17. RELATED PARTY TRANSACTIONS
Commercial Real Estate Loans

From time to time, the Company may provide commercial real estate loans to entities affiliated with certain of our directors, officers or large shareholders who are, as part of their ordinary course of business, commercial real estate investors. These loans are made in the ordinary course of the Company’s business on an arms-length basis on the same terms and conditions as would be offered to any other borrower of similar type and standing on a similar property.
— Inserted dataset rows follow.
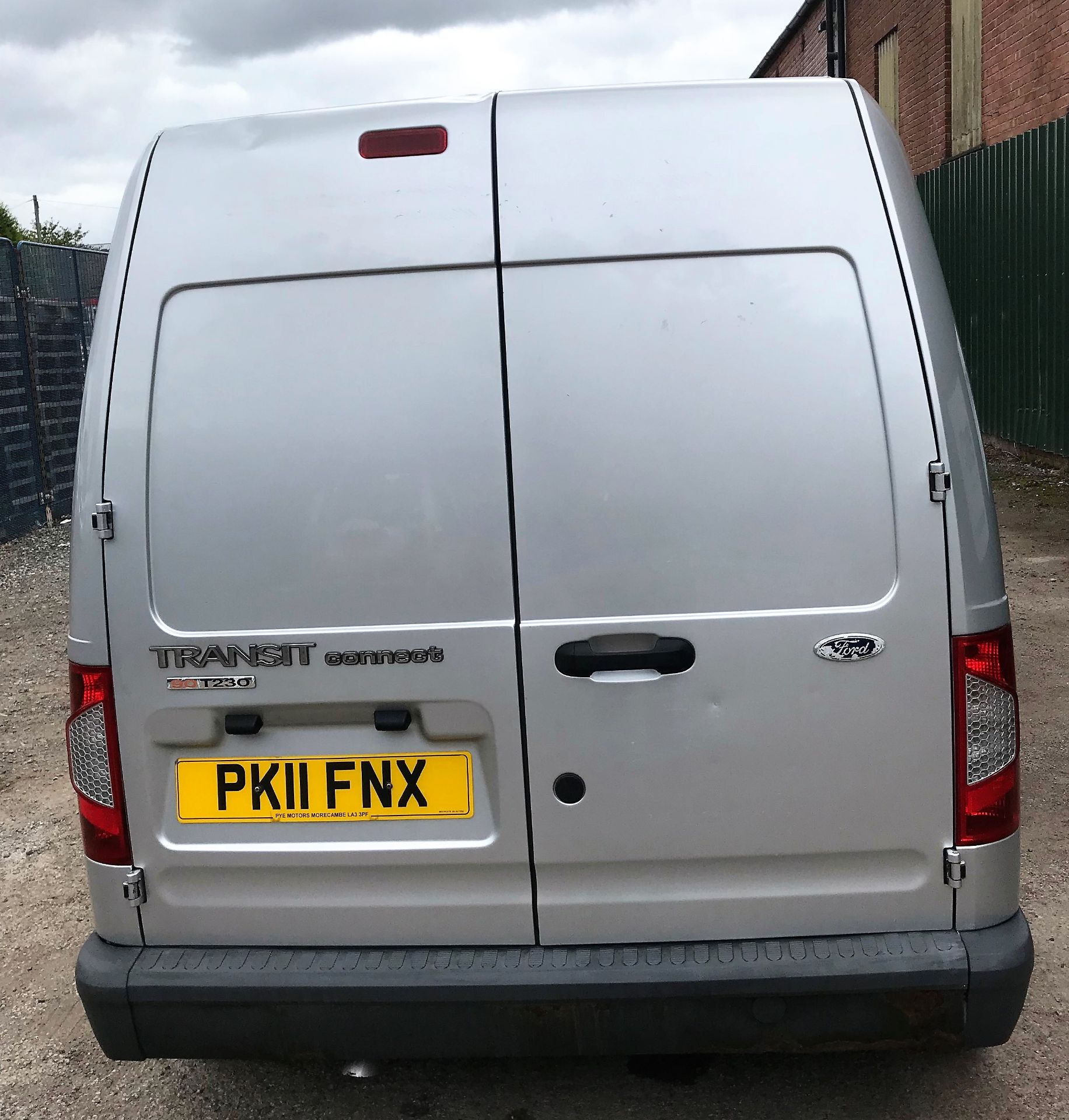 A Ford Transit Connect 90T230 LWB Refrigerated Pan - Bild 9 aus 21
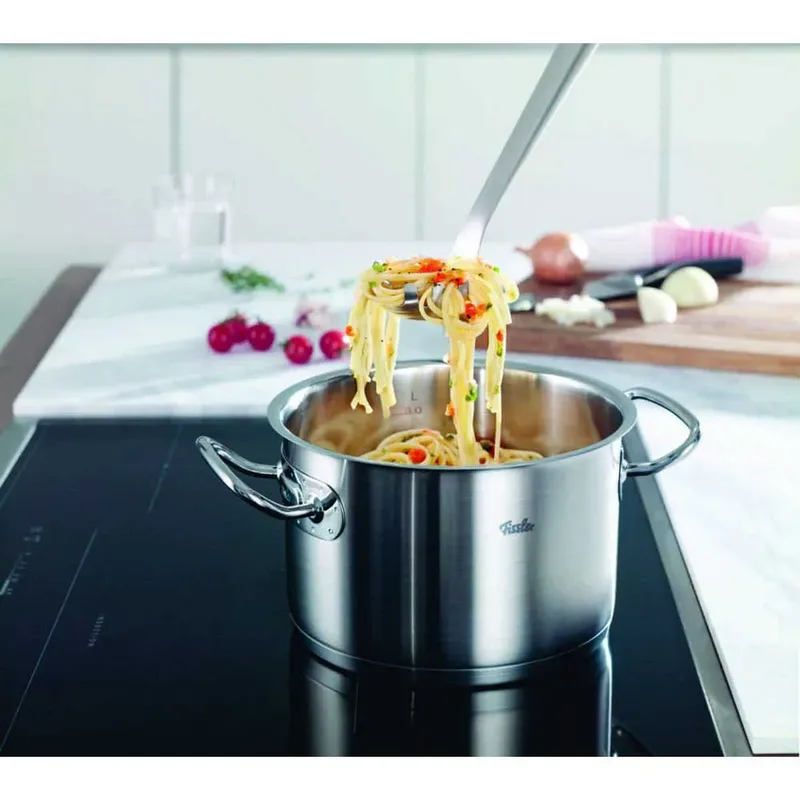 Original-Profi Collection Kookpan 16cm by Fissler in Silver – product photo 2 of 3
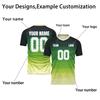 Plain DIY Top for Custom Printing Basketball Soccer Sports Wear
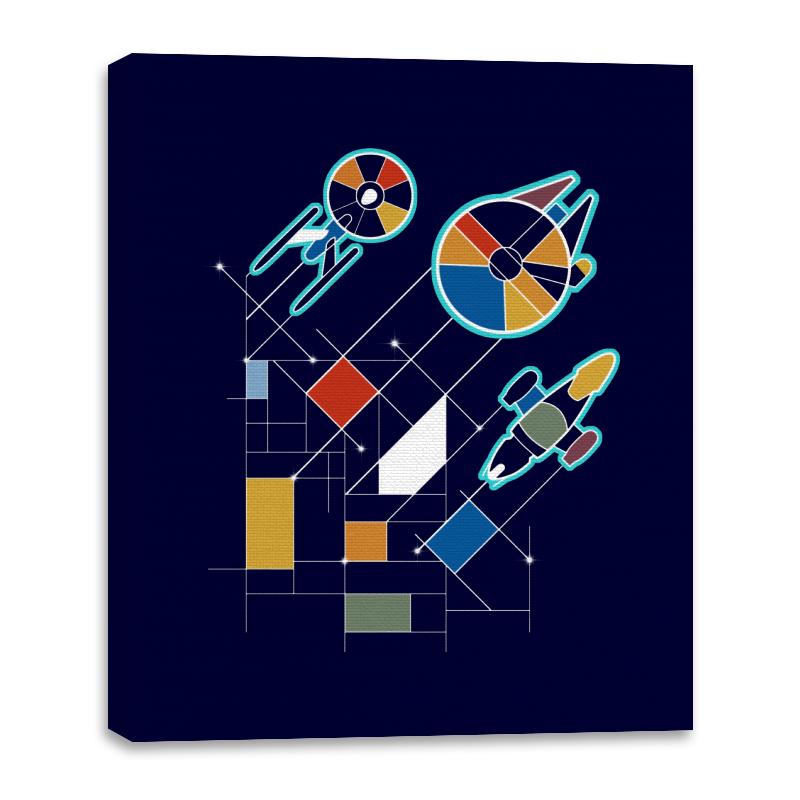 Vanguard Spaceships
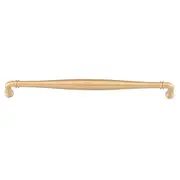 Sarlat Cabinet Pull Length 338mm CTC 320mm Brushed Brass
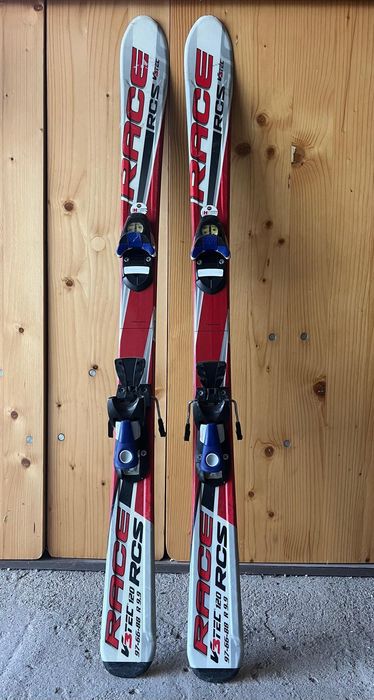 Skiuri 120 cm  pentru copii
On May 20, 2015, the Company provided a $25.0 million mezzanine loan to Halletts Investors LLC (“Borrower”), an entity affiliated with Douglas Durst, one of the Company’s directors and chairman of The Durst Organization, one of the oldest family-run commercial and residential real estate companies in New York City, secured by Borrower’s ownership interest in Durst Halletts Member LLC. Borrower and Durst Halletts Member LLC are the indirect owners of a 97.33% interest in the three limited liability companies that collectively own approximately 9.66 acres of undeveloped land located along the East River waterfront on Hallets Point Peninsula in Astoria Queens, New York. Douglas Durst and members of his family, including trusts for which Douglas Durst is a trustee, have an interest in Borrower, Durst Halletts Member LLC and the guarantors for this transaction.

Loan Referral Agreement

The Company entered into a loan referral agreement with Meridian, which, at the time, was an affiliate of a member of the Company’s board of directors and an investor in the Company. The agreement provided for the payment of referral fees for loans originated pursuant to a formula based on the Company’s net profit on a referred loan, as defined in the agreement, payable annually in arrears. While the arrangement gave rise to a potential conflict of interest, full disclosure was given to the borrower who, in each case, waived the conflict in writing. This agreement was cancellable by the Company based on the occurrence of certain events, or by Meridian for nonpayment of amounts due under the agreement. The Company terminated the loan referral agreement on April 2, 2014, as a result of the IPO on February 11, 2014.

56


The Company incurred no fees for the three and six months ended June 30, 2014 , for loans originated in accordance with this agreement. As of June 30, 2015 and December 31, 2014 , $0.3 million and $0.6 million , respectively, was payable to Meridian pursuant to this agreement and included in accrued expenses in the combined consolidated statements of financial condition.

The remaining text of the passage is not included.